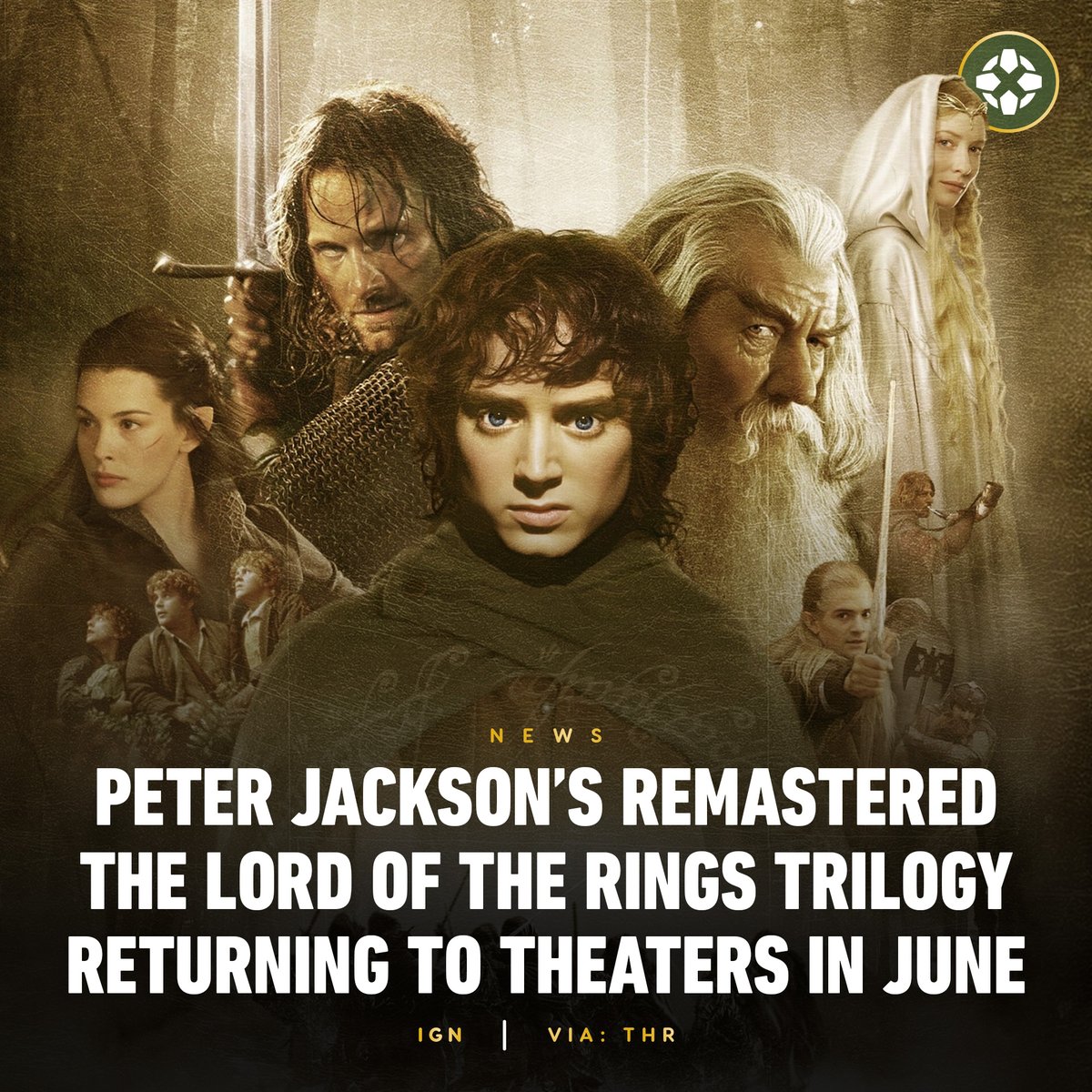 IGN's tweet photo. The Lord of the Rings trilogy is returning to theaters this June with Peter Jackson's 2020 4K Remastered and Extended Editions. https://t.co/rtOG9ZRTBh https://t.co/fTaqVdXVmP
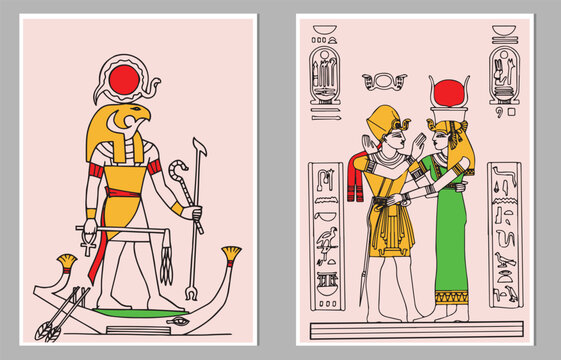 Ancient pharaoh Tutankhamen, queen Cleopatra (Nefertiti), god Horuse,gyptian symbols (hieroglyphs) on the background, Tempura design for print, canvas, poster.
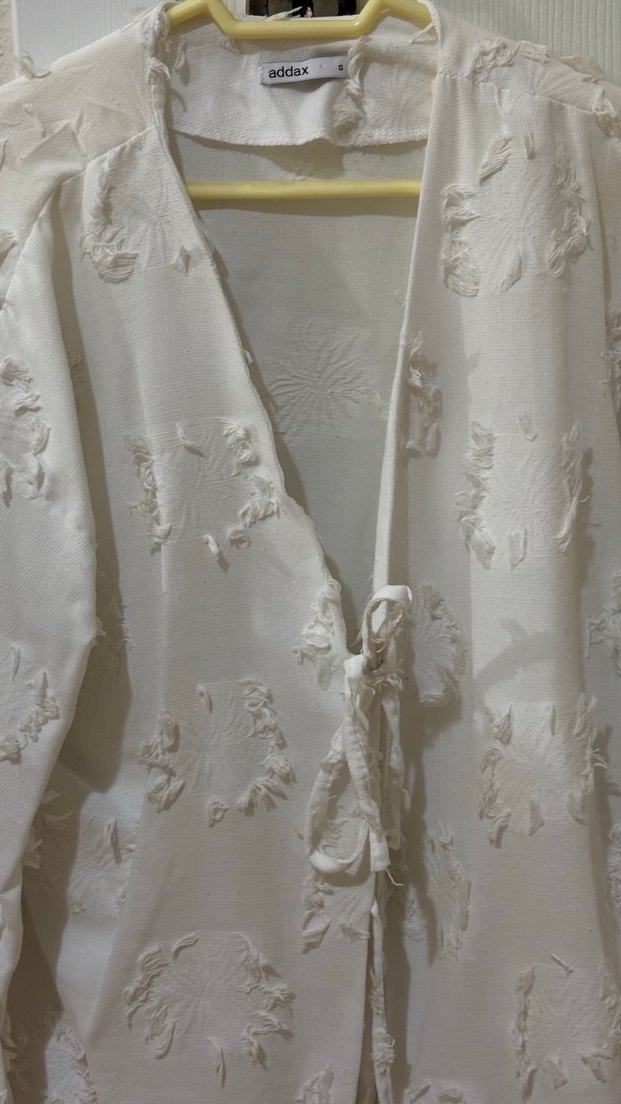 Beyaz Nakışlı Bohem Kadın bluz gömlek - Görsel 3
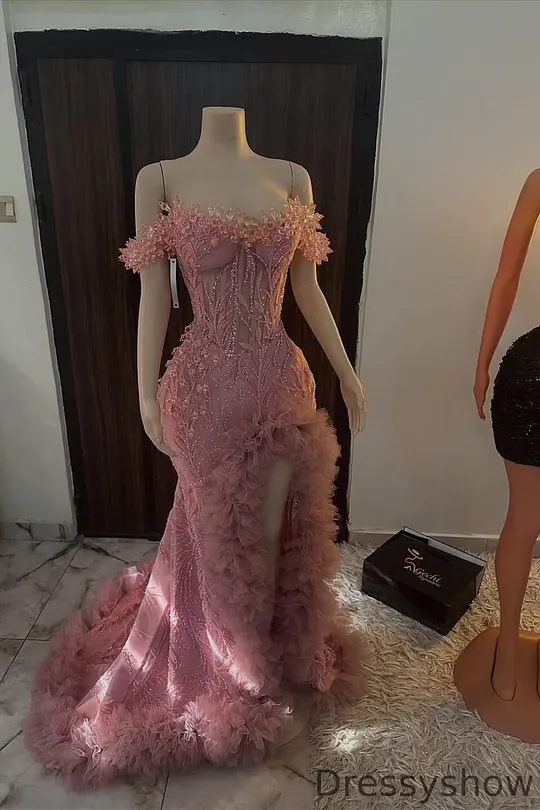 sachin and babi light blue dress Dusty Pink Tiered Ruffle Tulle Prom Dresses Beaded Waist Evening Dress –  SELINADRESS main image 1
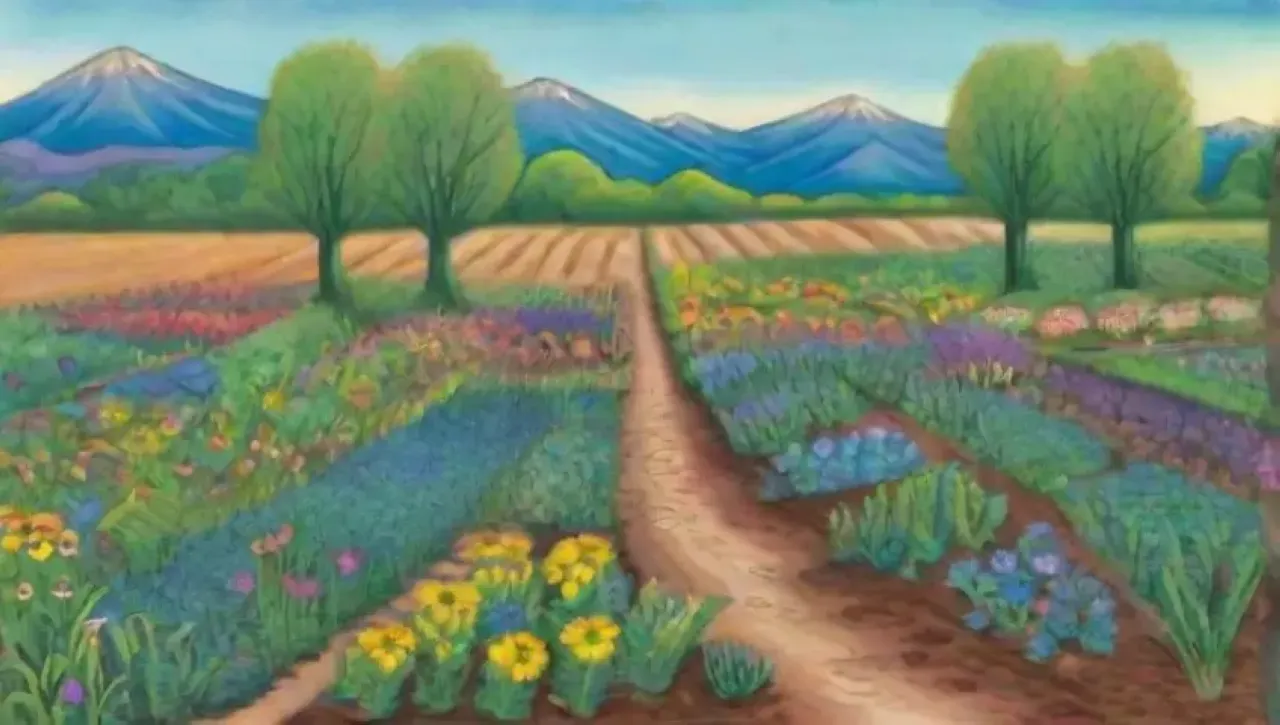 Campos verdes vibrantes con cultivos saludables y ecosistemas armoniosos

·····

Print the records above exactly as they stand, but leave out the pictures.

 IGN's tweet photo. The Lord of the Rings trilogy is returning to theaters this June with Peter Jackson's 2020 4K Remastered and Extended Editions. https://t.co/rtOG9ZRTBh https://t.co/fTaqVdXVmP
 Ancient pharaoh Tutankhamen, queen Cleopatra (Nefertiti), god Horuse,gyptian symbols (hieroglyphs) on the background, Tempura design for print, canvas, poster.
 Beyaz Nakışlı Bohem Kadın bluz gömlek - Görsel 3
 sachin and babi light blue dress Dusty Pink Tiered Ruffle Tulle Prom Dresses Beaded Waist Evening Dress –  SELINADRESS main image 1
 Campos verdes vibrantes con cultivos saludables y ecosistemas armoniosos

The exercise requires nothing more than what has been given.